MR. MAC NEILL (Donegal, S.)I have a question on the Paper to ask the Chief Secretary to the Lord Lieutenant of Ireland. Is it a fact that the Prison Board in Ireland has refused to hold communication with prison chaplains in relation to prisoners except through the medium of the governors of the prisons; under what rule is this practice enforced; and, whether, having regard to the fact that the prison chap- 11 lains are virtually independent of the governors, he will direct the Prisons Board to entertain communications from the chaplains without this intervention of the governors? As the right hon. Gentleman the Chief Secretary is not present, I will defer the question.
§ THE SOLICITOR GENERAL FOR IRELAND (Mr. MADDEN,) University of DublinI am prepared to answer it.
§ *MR. SPEAKEROrder, order! As the Solicitor General is prepared to answer it, I call upon the Solicitor General.
§ *MR. MADDENThe General Prisons Board informs me that the governor of a prison being responsible for its discipline, it is the practice to require all the officers of the prison, including the chaplain or chaplains, to forward communications on ordinary matters, or on matters for which the governor is responsible, through that officer, whose report on such matters is obviously necessary. At the same time, the Board always receives any confidential report or remarks of the chaplains regarding the welfare of prisoners of their own denomination whenever they see fit to make such communications.

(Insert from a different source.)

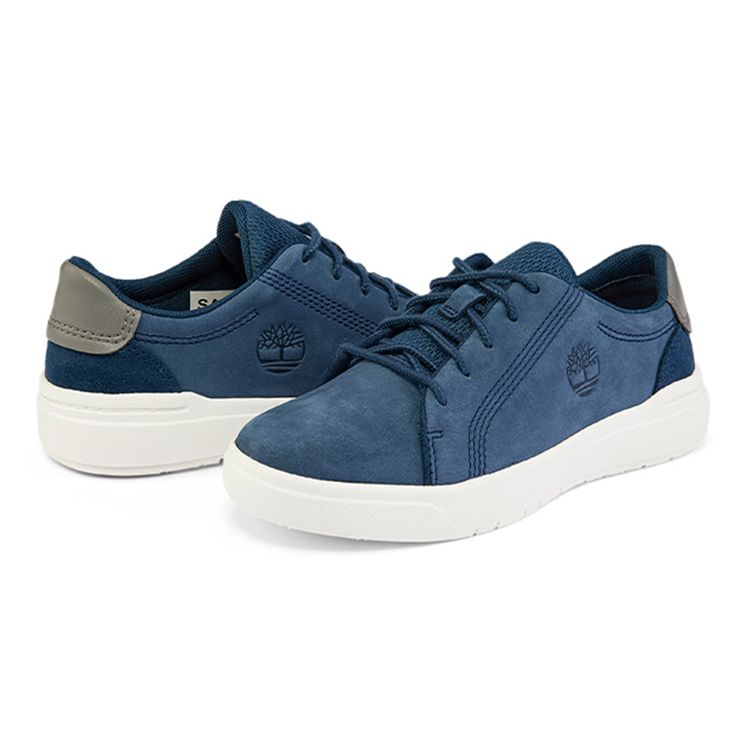 Timberland Outdoor Comfort Casual Low-Top Sneakers Kids Sneakers Deep-Indigo A2B17M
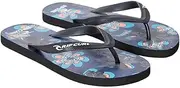 [Rip Curl] Lip Curl 1B8MOT Beach Sandals (EVA Material, Bloom) [1B8MOT / BARREL KILLA BLOOM OPEN TOE] Men's Cushion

The Board adds that the chaplain is not virtually independent of the prison governor, either in Ireland or, so far as the Board is aware, in England.
§ MR. SEXTON (Belfast, W.)Would the chaplain be required to report to the governor on a matter affecting the governor himself?
§ *MR. MADDENThat I imagine would be an exceptional case, but the right hon. Gentleman had better put a question on the paper.